Step One: I try calling my Top People for advice. Network is poor, as always, but not as poor as I feel when they do not take my calls. They are all busy overachievers and are out there conquering the world.
Life Lesson One: Keep a few friends with spare time on their hands.
Outside, the monkeys start making thumping and dragging sounds. They are rearranging the furniture, possibly beginning large-scale construction.
Step Two: I ask social media what I should do, and immediately receive fantastic tips. I should have locked my balcony door better. I should call a “langur man”--excellent advice, but, unfortunately, I did not have such stalwarts on my contacts list and later found out the monkey catchers have largely been driven out of work, making the overall monkey situation much worse. My timelines had more advice: I should post photos. I deserved it, I was a bad person. Would I like to buy their books while I waited?
Life Lesson Two: Do not ask questions on social media. The monkeys have actively started banging on my door now.
Step Three: I do more research using my expert methods--how to get rid of monkeys, I Google. I find monkeys are distracted by shiny objects; I have none handy and I don't see the point of going outside to distract them. Monkeys don’t like it when you make direct eye contact with them, or smile at them. Thank you, great database of all human knowledge, I was not planning to.
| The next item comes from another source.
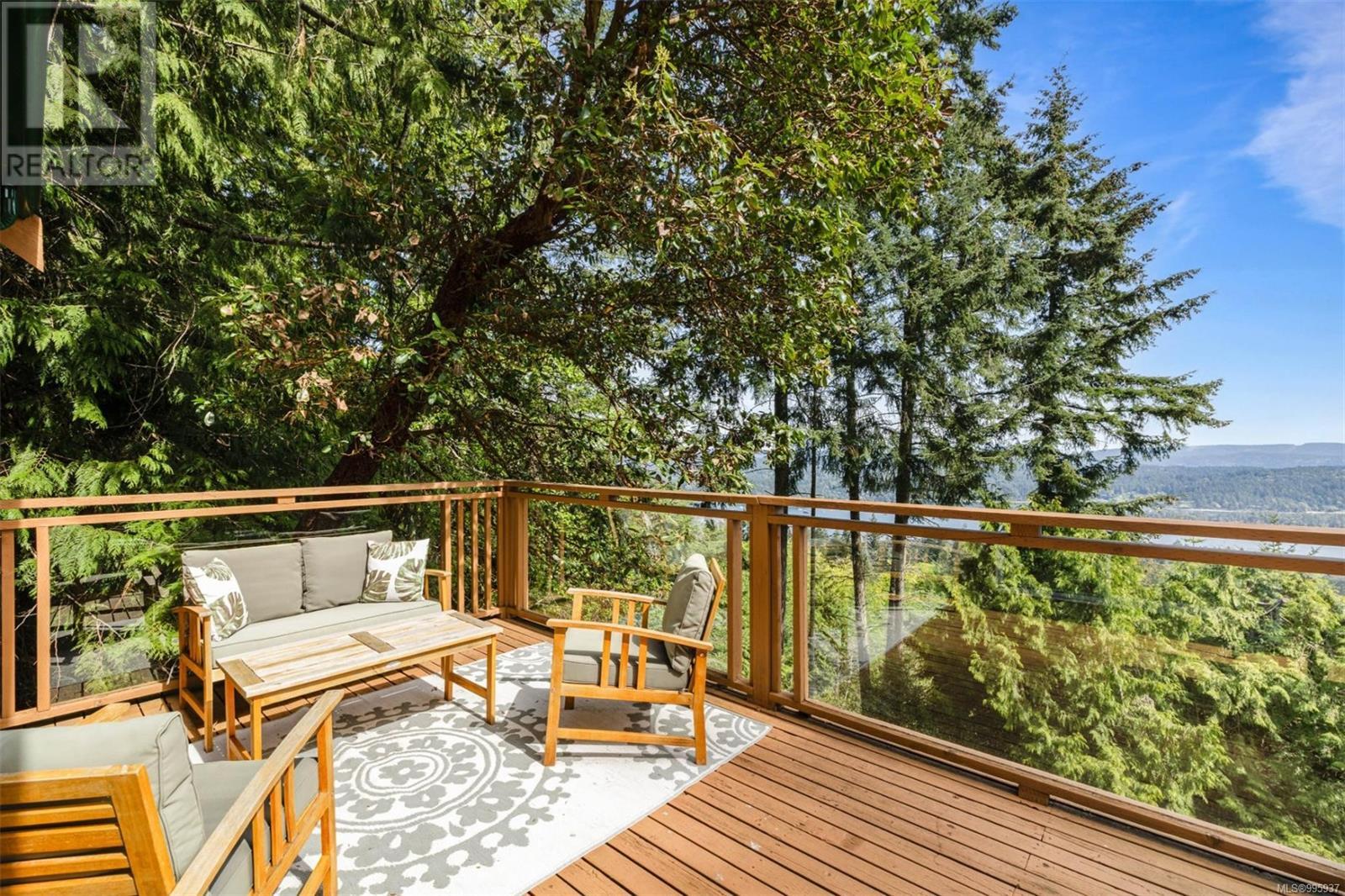 Property at 181 Donore Rd image 5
Finally, I find a solution. Monkeys are scared of roaring tigers. And I happened to have one handy in my bedroom. Fine, I didn't, but there was YouTube. A search for 'roaring tiger' leads me to a video thumbnailed with an amazing, loud-looking tiger. I wait and watch for five agonizing minutes the video of a tiger roaming around his cage, stubbornly silent, as kids with American accents shout ''He’s not roaring, mommy!'' I feel their pain. Eventually, I make do with a video of a barking dog, at full volume.
No results. The only hope I had at this point was another tip saying monkeys get bored quickly and move on. So I continued doing what I do best: nothing.
The monkeys left eventually, thanks either to boredom or the soya sauce they had found in the fridge and drunk. They clearly hadn't liked it, and had expressed this by liberally distributing it around the house and breaking the bottle.
Life Lesson Three (and this is a big one): Always keep soya sauce in the house, even if you don't plan on using it. You never know when it might save your hide.